Post-Op. Du perceptuel au pictural. 1958-2014
Une proposition de Matthieu Poirier
Galerie Perrotin, Paris *, du 8 Mars au 19 Avril 2014.
« Post-Op », un terme percutant, presque manifeste, pour titrer la nouvelle exposition de Matthieu Poirier à la Galerie Perrotin. Le commissaire, co-auteur de la vaste manifestation « Dynamo » au Grand Palais en 2013, revient avec une proposition qui s’établit dans la même optique. Un ensemble d’œuvres d’artistes illustres des années 60-70 tels : Heinz Mack, Dieter Roth ou Piero Dozario, côtoient des créateurs des nouvelles générations comme Nicolas Roggy ou Michael Scott. Ces mises en relations interrogent les notions de perception et de pictural. Il s’agit d’inverser les déclamations de Clément Greenberg qui prônait la pureté de la forme avec « Post Painterly Abstraction » -Los Angeles Conty Museum of Art, 1964- contre le maniérisme de l’expressionnisme abstrait ou du Pop Art.
« Post-Op » s’inscrit d’une autre manière, et souhaite dévoiler une histoire de l’art perméable, poreuse, façonnée par la rencontre de différents courants artistiques. Les œuvres présentées restent inéluctablement empruntes de références à l’art optique, à la géométrie formelle quasi hypnotique de l’Op-Art. Mais si la continuité demeure évidente, les artistes ici exposés s’inscrivent dans une volonté de nuancer, de dissoudre les oppositions pour préférer le dialogue. Matthieu Poirier dans un accrochage sobre et épuré démontre, avec force, ce mouvement « post-opératoire » qui finit par relier « op », « pop », et « action painting » comme on le perçoit, par exemple, avec les lignes sinueuses jouxtant une trame cinétique à l’effet moiré, d’Untitled (2014) de Nicolas Roggy. Les deux premiers espaces, ornés de grands formats, amorcent un questionnement qui se porte au delà de la surface où s’égare notre œil. Celle-ci auparavant pure et lisse, devient plus brute, malmenée sous les coups de pinceaux, de scie, ou même parfois de scalpel opérés par l’artiste. La peinture dépasse le simple agencement d’aplats colorés, pour mettre en jeu différentes dimensions. Le pictural quitte la seule surface plane pour se faire objet en volume ou assemblage avec notamment : Good People Ugly Faces (2012) de Tillman Kaiser, losange taillé de multiples ouvertures, ou Opération Freak-Out (2012) de John Tremblay, une forme découpée telle l’image agrandie d’une cellule, pansée de grilles métalliques.

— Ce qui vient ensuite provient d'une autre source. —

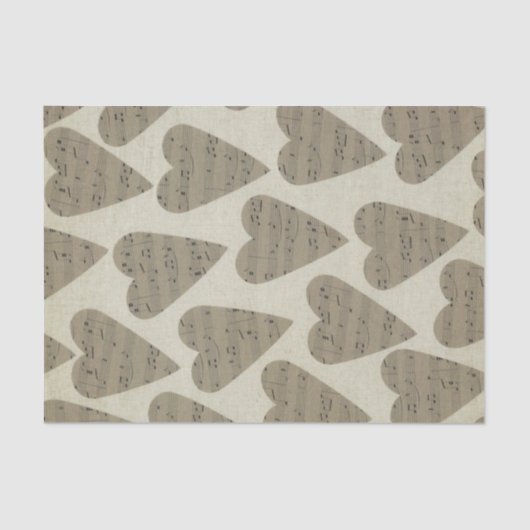 Zwart-witte muzieknoot Patroonmuzikant Tissuepapier (Voorkant)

« Post-Op: du perceptuel au pictural » s’attache à confirmer les dires de Bridget Riley « estimant nécessaire d’affirmer que la « perception est le médium ». Cependant l’exposition va plus loin car de cette « perception-médium » s’extrait aussi une matière traitée pour elle même, par empattement ou découpe. Telle une résurgence de la mouvance Support-Surface, l’objet toile se montre dans Execution changes #65 A B C (2012) de Julian Hoeber, le support de xylographie creusé à la tronçonneuse aussi, dans la série Combinations de Claudia Comte.

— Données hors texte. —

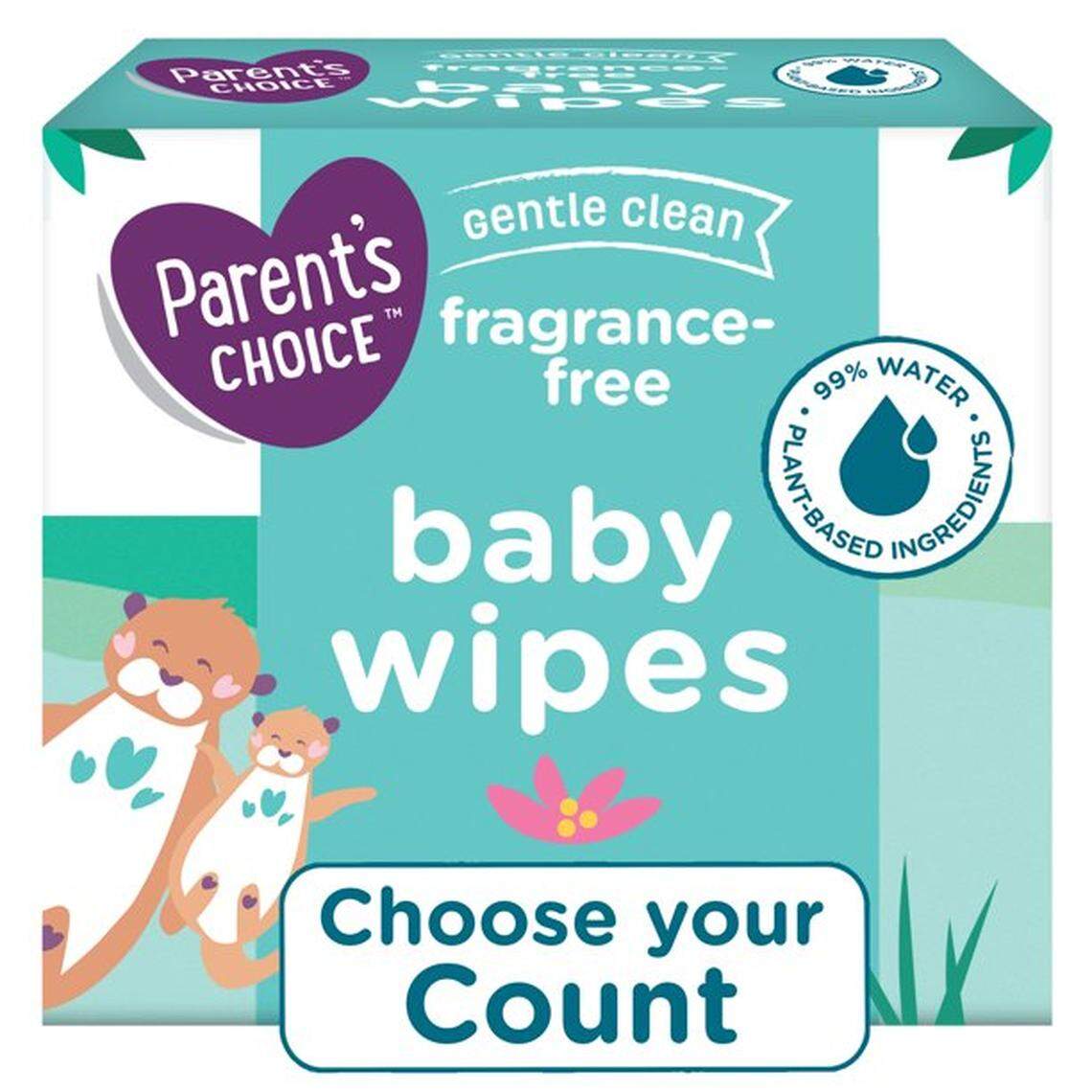 Parent’s Choice baby wipes, fragrance free.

Enfin « Post-Op » délimite un horizon, ou plutôt un réseau de lignes inframinces, qui déplace le pictural vers des zones moins exubérantes mais tout aussi poétiques. La salle centrale de l’exposition, à dominante grise, demeure sans doute la plus réussie du parcours. À l’image du petit format Untitled (2013) de Florian et Michael Quistrebert, les œuvres réunies dans cet espace réfléchissent la peinture dans son mode d’existence à travers un regard aujourd’hui influencé par l’image numérique. Nous retiendrons également de cette exposition, l’historique Wall Drawing 50 (1970) de Sol LeWitt, les œuvres au tracé évanescent de Kazuko Miyamoto, ou encore les feuilles de papier orthonormé tailladées par Éric Baudart. Toutes ces expériences de la perception et de la peinture, au-delà d’une simple acception visuelle, approchent le sensible.
- * Avec : Eric Baudart, Louise Bourgeois, Claudia Comte, Emilie Ding, Piero Dozario, Juilan Hoeber, Tillman Kaiser, Manferd Kuttner, Sol LeWitt, Heinz Mack, Kazuko Miyamoto, Florian & Michael Quistrebert, Nicolas Roggy, Dieter Roth, Michael Scott, Philip Taafe, Blair Thurman, John Tremblay, Dan Walsh, Richard Wright.